By Sarath Kirihennedige |  No Comments  |  Posted: April 16, 2014
Topics/Categories: EDA - Verification  |  Tags: ,  | Organizations:

Performing clock-domain crossing (CDC) checks on a flat database is difficult on complex SoCs. Hierarchy improves speed but calls for a smarter approach.

Thanks to the widespread reuse of intellectual property (IP) blocks and the difficulty of distributing a system-wide clock across an entire device, today’s system-on-chip (SoC) designs use a large number of clock domains that run asynchronously to each other. A design involving hundreds of millions of transistors can easily incorporate 50 or more clock domains and hundreds of thousands of signals that cross between them.

Although the use of smaller individual clock domains helps improve verification of subsystems apart from the context of the full SoC, the checks required to ensure that the full SoC meets its timing constraints have become increasingly time consuming.

Signals involved in clock domain crossing (CDC), for example where a flip-flip driven by one clock signal feeds data to a flop driven by a different clock signal raise the potential issue of metastability and data loss. Tools based on static verification technology exist to perform CDC checks and recommend the inclusion of more robust synchronizers or other changes to remove the risk of metastability and data loss.

Runtime issues

Conventionally, the verification team would run CDC verification on the entire design database before tapeout as this is the point that it becomes possible to perform a holistic check of the clock-domain structure and ensure that every single domain-crossing path is verified. However, on designs that incorporate hundreds of thousands of gates, this is becoming impractical as the compute runtime alone can run into days at a point where every hour saved or spent is precious. And, if CDC verification waits for this point, the number of violations – some of which may be false positives – will potentially generate many weeks of remedial effort, after which another CDC verification cycle needs to be run. To cope with the complexity, CDC verification needs a smarter strategy.

By grouping modules into a hierarchy, the verification team can apply a divide-and-conquer strategy. Not only that, the design team can play a bigger role in ensuring that potential CDC issues are trapped early and checked automatically as the design progresses.

A hierarchical methodology makes it possible to perform CDC checks early and often to ensure design consistency such that, following SoC database assembly, the remaining checks can pass quickly and, most likely, result in a much more manageable collection of potential violations.

Hierarchical obstacles

Traditionally, teams have avoided hierarchical management of CDC issues because of the complexity of organizing the design and ensuring that paths are not missed. A potential problem is that all known CDC paths may be deemed clean within a block and that it can be considered ‘CDC clean’. But there may be paths that escape attention because they cross the hierarchy boundaries in ways that cannot be caught easily – largely because the tools do not have sufficient information about the logic on the unimplemented side of the interface and the designer has made incorrect clock-related assumptions about the incoming paths.

If those sneak paths were not present, it would be possible to present the already-verified modules as black boxes to higher levels of hierarchy such that only the outer interfaces need to be verified with the other modules at that level of hierarchy.

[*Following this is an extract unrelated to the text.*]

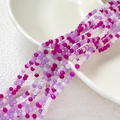 Gros plan de perles à facettes dégradées violettes 2-3mm pour la création de bijoux - 120 pcs/rang (3,5 mm) / Mélange Dégradé Violet (7#)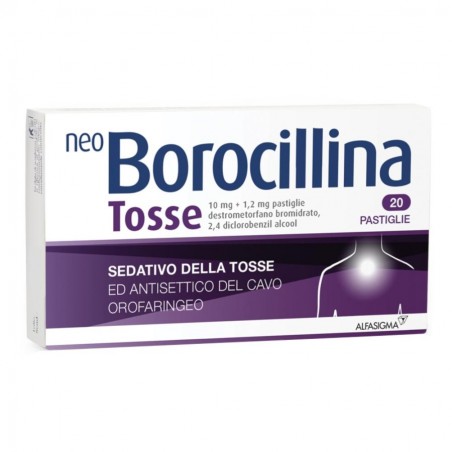 NEOBOROCILLINA TOSSE - 20 pastiglie 10 mg + 1,2 mg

For hierarchical CDC verification to work effectively, a white- or grey-box abstraction is required in which the verification process at higher levels of hierarchy is able to reach inside the model to ensure that all potential CDC issues are verified.

As the verification environment does not have complete information about the clocking structure before final SoC assembly, reporting will tend to err on the side of caution, flagging up potential issues that may not be true errors. Traditionally, designers would provide waivers for flops on incoming paths that they believe not to be problematic to avoid them causing repeated errors in later verification runs as the module changes. However, this is a risky strategy as it relies on assumptions about the overall SoC clocking structure that may not be born out in reality.

Refinements to the model

The waiver model needs to be refined to fit a smart hierarchical CDC verification strategy. Rather than apply waivers, designers with a clear understanding of the internal structure of their blocks can mark flops and related logic to reflect their expectations. Paths that they believe not to be an issue and therefore not require a synchronizer can be marked as such and treated as low priority, focusing attention on those paths that are more likely to reveal serious errors as the SoC design is assembled and verified.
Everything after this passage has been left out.